Shiitakes aren’t the only produce with a tangled origin story, said Eric Stein, CEO of the Media-based Barisoft Consulting Group, which specializes in indoor farming.
“It’s become a trend in the industry. It’s not just mushrooms. You seed in one location and you ship it to another place to do maturing,” said Stein. “This is a whole new thing.”
Leafy greens are often germinated in warm regions such as Texas, Florida and Mexico, Stein said, and then sent north to be finished in regional vertical farms.
“It’s a little sleight of hand, a double trick," Stein said. Growers can bring out certain characteristics in the plants by controlling the light. But the bigger reward comes with the peripatetic product’s appeal to locavores — people who want to “eat local” because they believe it reduces the carbon footprint of their groceries and therefore has less of an impact on climate change.

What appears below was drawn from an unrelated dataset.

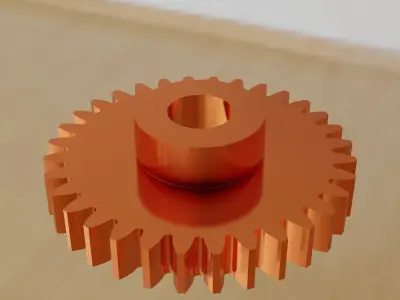 Gear train with coaxial input and output shafts Free 3D model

“If you are finishing them within 400 miles of where they’re sold, you can claim they’re locally grown,” Stein said. "Under USDA guidelines you can say its local.”
Schroeder is scrambling to diversify and climb out of Chapter 11. He thinks he can pull it off. He’s still a leading producer of oyster mushroom spawn logs, and he grows several other exotic fungi: oyster, enoki, pompom and maitake.
But when he visits customers, he sees the logs that have traveled 6,000 miles. “They switched over to Chinese because they’re cheaper," he said. “It hurts.”
Still, there are some local mushroom growers who have promised to continuing buying his shiitake logs.
“They’re heroes in my eyes,” he said.